Jennifer Berne’s On a Beam of Light: A Story of Albert Einstein (Ages 5-10) is the kind of book you’ll want to share with your kids when they’re five, six, seven, eight, nine, and ten. Berne’s highly approachable narrative voice speaks directly to children (she first won me over in Manfish: A Story of Jacques Cousteau). In Einstein’s case, she brings to life, not only Albert’s awe at the mysteries of the world, but also his many personality quirks—from his disruptive questioning in elementary school to the saggy, baggy clothes he always wore as an adult (“My feet are happier without socks!”). These quirks are further emphasized by Vladimir Radunksky’s loosely drawn pen, ink, and gouache drawings, at once frenetic and playful, serene and innocent, like little windows into Albert’s own ever-shifting imagination. In JP’s favorite spread, Albert imagines what it would be like to ride his bike up the beam of sunlight that’s shining down on the sidewalk in front of him. “And in his mind, right then and there, Albert was no longer on his bicycle, no longer on the country road…he was racing through space on a beam of light. It was the biggest, most exciting thought Albert had ever had. And it filled his mind with questions.”
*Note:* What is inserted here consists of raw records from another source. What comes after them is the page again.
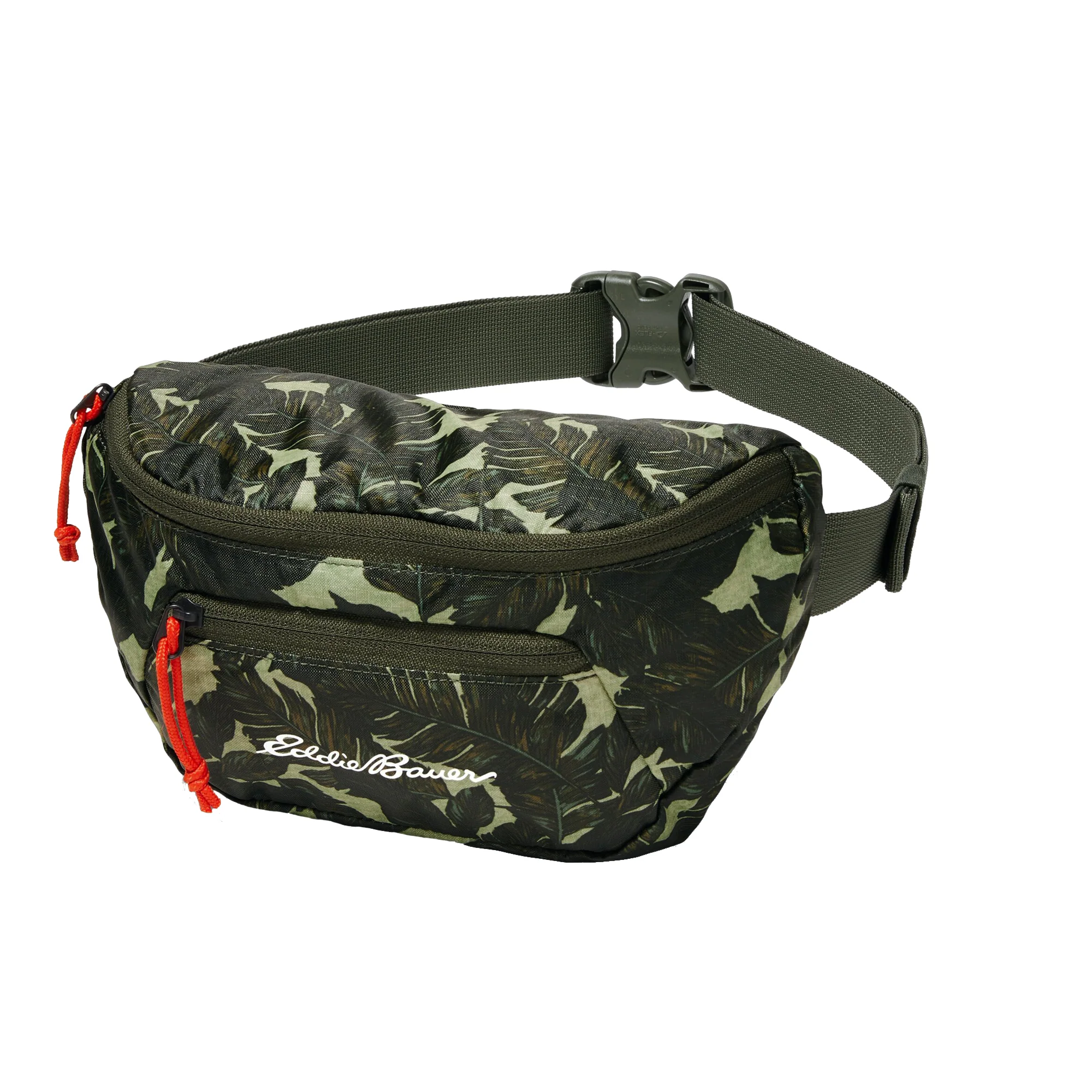 Stowaway Convertible Packable Waistpack - Image 16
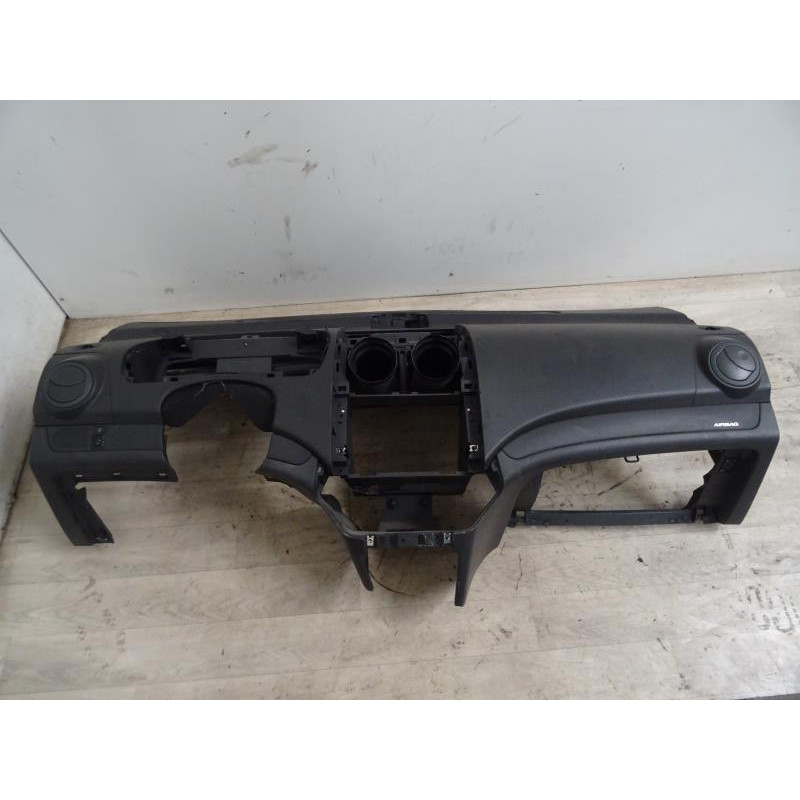 Tableau de bord CHEVROLET AVEO 1 d’occasion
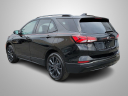 Thumbnail image of 2023 Chevrolet Equinox at Vito Rinaldi Chevrolet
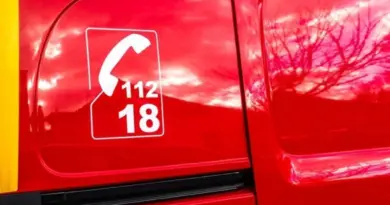 Saint-Laurent : une adolescente victime d'une tentative de viol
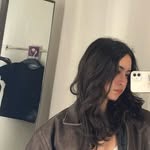 Vanessa Muro Sotelo - @no_adefeci0 - Instagram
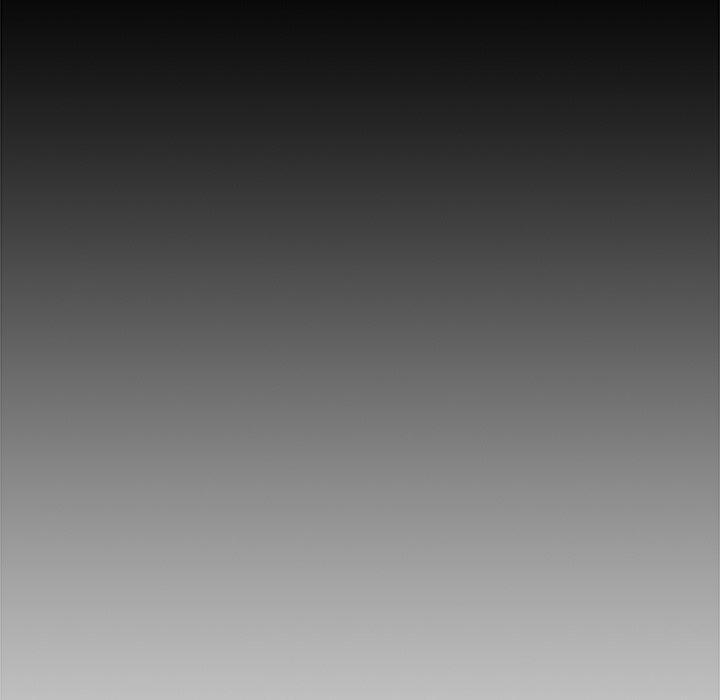 遊戲不能這樣玩 第 11 話 第125页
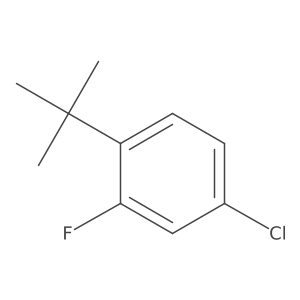 1369905-19-0 structure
I’m no physicist. In fact, I somehow managed to avoid taking a Physics class in both high school and college (I regret this now). I have never felt terribly confident talking about energy and heat and magnetism and motion with my children, and goodness knows what I’ll do when I have to help them with equations involving E = mc2. But here I am, reading this book—this beautiful literary depiction of these scientific concepts—and I think, “Why have I never realized that physics is everything?!” Like the searching, wondering eyes of our little ones, Albert sees everything as a question. How could “a lump of sugar dissolve and disappear into his hot tea?” How could the “smoke from his pipe…disappear into the air?” And, of course, what would happen if he traveled near the speed of light? (The answer: “Only minutes would pass for Albert, while years and years went by for the rest of us!”)
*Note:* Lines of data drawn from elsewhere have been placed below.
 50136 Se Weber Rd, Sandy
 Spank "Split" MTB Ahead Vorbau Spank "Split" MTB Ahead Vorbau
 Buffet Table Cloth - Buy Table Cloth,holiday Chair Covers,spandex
Albert “asked questions never asked before. Found answers never found before. And dreamed up ideas never dreamt before.” Because of him, we were able to build spaceships and travel to the moon (there’s a great afterward that gets into more detail about the repercussions of Einstein’s discoveries, along with a list of additional reading material). Naturally, there are many questions still at large about how the universe works—and, fittingly, the book’s dedication reads, “To the next Einstein, who is probably a child now.” If my son and his peers are any indication, there’s likely a whole crop of future Big Thinkers out there. Children who won’t let a mere stoplight slow them down from asking their questions, questions, questions.

Here, kids are introduced to the idea that everything is made up of “teeny, tiny, moving bits of stuff—far too tiny to see—little bits called ‘atoms'" In a perfect marriage of text and illustration, Radunksky’s corresponding picture is broken up into hundreds of tiny dots ("Even this book is made of atoms!”).

Here, kids are introduced to the idea that everything is made up of “teeny, tiny, moving bits of stuff—far too tiny to see—little bits called ‘atoms'” In a perfect marriage of text and illustration, Radunksky’s corresponding picture is broken up into hundreds of tiny dots (“Even this book is made of atoms!”).

Other Favorite Picture Books About Great Scientific Minds:
Odd Boy Out: Young Albert Einstein, by Don Brown (Ages 5-10)
Electric Ben: The Amazing Life and Times of Benjamin Franklin by Robert Byrd (Ages 6-12)
Noah Webster and His Words, by Jeri Chase Ferris (Ages 6-10)
I, Galileo, by Bonnie Christensen (Ages 7-12)
Leonardo: Beautiful Dreamer, by Robert Byrd (Ages 8-12)
The Tree of Life: Charles Darwin, by Peter Sis (Ages 8-12)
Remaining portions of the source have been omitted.